The user's thinking process is remarkably clear in this short message. We can see:

  1. Pattern recognition: The user has seen that TP4+PP2 worked better for a similar model and is trying to understand why so they can apply the same reasoning.
  2. Hypothesis formation: "Can we slice the model up such that TP is 4, on each socket, and we infer half of the layers on one socket, half of the layers on the second socket?" — this is a specific, testable hypothesis about how to reduce cross-socket communication.
  3. Conceptual mapping: The user is trying to map their proposed approach onto established terminology ("Is this PP?"), which is a form of conceptual validation.
  4. Boundary testing: "Or is PP just two totally separate model instances?" — the user is testing the boundaries of the concept, checking whether their understanding aligns with the standard definition.
  5. Iterative refinement: The question is not asked in isolation. It builds on hours of prior conversation, benchmarking, and debugging. The user has absorbed the findings about allreduce bottlenecks, NUMA topology, and prior TP4+PP2 results, and is synthesizing them into a new proposal.

Conclusion

This message, for all its brevity, represents a moment of genuine technical insight. The user has identified the core performance bottleneck (cross-socket allreduce), understood the hardware topology that causes it (NUMA domains with PCIe P2P), and proposed a parallelism strategy that directly addresses it (TP4 within each socket, PP2 across sockets). The question "Is this PP?" is not a request for a dictionary definition — it is a scientist testing a hypothesis against established theory.
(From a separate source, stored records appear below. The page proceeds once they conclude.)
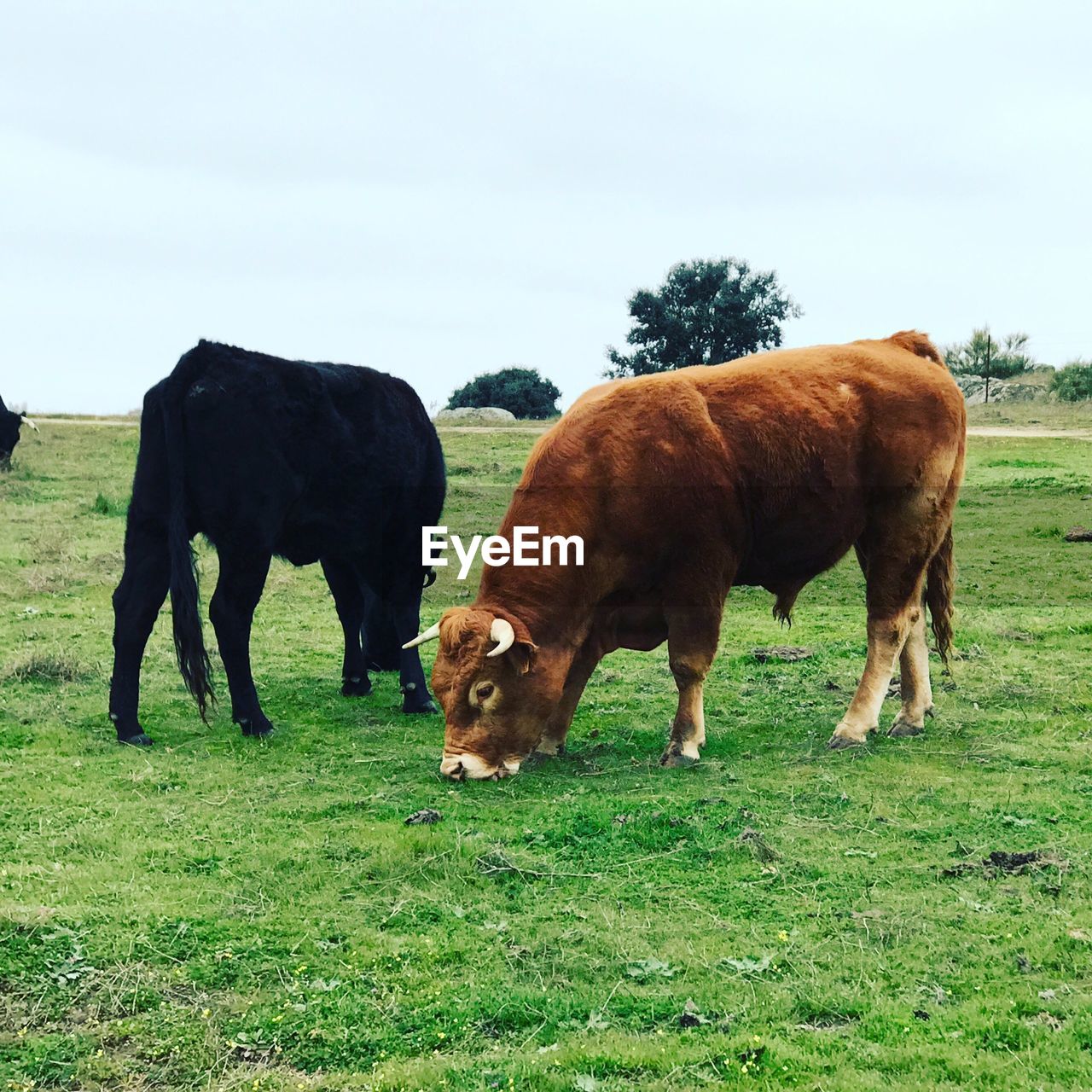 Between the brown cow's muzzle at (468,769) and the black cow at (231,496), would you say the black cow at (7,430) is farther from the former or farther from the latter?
the brown cow's muzzle at (468,769)

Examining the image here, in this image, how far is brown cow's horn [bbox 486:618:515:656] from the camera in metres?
7.39

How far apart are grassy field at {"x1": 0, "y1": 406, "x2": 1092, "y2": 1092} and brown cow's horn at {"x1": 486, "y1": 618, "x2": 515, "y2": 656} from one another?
822 millimetres

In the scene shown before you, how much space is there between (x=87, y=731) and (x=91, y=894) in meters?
3.33

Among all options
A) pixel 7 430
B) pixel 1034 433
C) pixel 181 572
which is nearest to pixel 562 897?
pixel 181 572

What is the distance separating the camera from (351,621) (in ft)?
34.3

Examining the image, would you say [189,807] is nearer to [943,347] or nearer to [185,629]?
[185,629]

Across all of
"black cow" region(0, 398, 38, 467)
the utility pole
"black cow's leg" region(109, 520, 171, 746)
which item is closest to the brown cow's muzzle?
"black cow's leg" region(109, 520, 171, 746)

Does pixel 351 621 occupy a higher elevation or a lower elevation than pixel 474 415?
lower

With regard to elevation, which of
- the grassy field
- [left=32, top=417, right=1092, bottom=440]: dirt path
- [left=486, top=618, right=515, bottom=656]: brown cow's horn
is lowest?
the grassy field

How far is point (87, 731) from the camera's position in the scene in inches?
356

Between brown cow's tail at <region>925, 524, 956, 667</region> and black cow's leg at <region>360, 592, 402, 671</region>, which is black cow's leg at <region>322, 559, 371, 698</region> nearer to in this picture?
black cow's leg at <region>360, 592, 402, 671</region>

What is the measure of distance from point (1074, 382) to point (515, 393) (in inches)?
692

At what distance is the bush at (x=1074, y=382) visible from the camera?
3762 centimetres

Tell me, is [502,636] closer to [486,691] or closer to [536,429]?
[486,691] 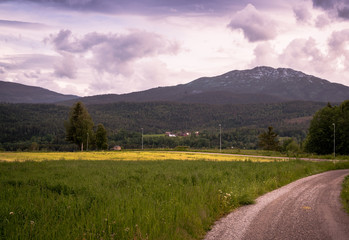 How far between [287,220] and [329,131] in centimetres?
6660

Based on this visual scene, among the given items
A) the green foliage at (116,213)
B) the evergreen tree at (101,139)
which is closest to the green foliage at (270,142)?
the evergreen tree at (101,139)

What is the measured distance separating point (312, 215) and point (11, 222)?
935cm

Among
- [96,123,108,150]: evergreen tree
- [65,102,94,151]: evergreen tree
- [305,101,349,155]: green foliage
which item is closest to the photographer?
[305,101,349,155]: green foliage

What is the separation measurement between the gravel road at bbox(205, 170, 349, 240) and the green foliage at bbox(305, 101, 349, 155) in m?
58.7

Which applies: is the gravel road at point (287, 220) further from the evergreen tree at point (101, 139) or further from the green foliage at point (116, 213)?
the evergreen tree at point (101, 139)

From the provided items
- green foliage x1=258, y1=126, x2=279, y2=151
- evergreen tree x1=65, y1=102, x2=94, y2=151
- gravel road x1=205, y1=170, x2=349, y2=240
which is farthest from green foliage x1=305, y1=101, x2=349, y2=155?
gravel road x1=205, y1=170, x2=349, y2=240

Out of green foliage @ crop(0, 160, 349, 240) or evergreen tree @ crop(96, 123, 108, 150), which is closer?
green foliage @ crop(0, 160, 349, 240)

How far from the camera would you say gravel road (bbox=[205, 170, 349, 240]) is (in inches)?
324

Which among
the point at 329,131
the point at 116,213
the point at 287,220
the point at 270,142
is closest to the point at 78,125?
the point at 270,142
In the broader arc of the conversation, this message sets the stage for the next phase of optimization. The assistant will go on to benchmark TP4+PP2, confirm that it changes the compute-communication balance, and continue the deep investigation into FP4 GEMM kernel efficiency on SM120 that ultimately defines the session's most important findings. But the seed of that investigation — the recognition that parallelism strategy must be shaped by hardware topology — is planted right here, in this single, thoughtful question.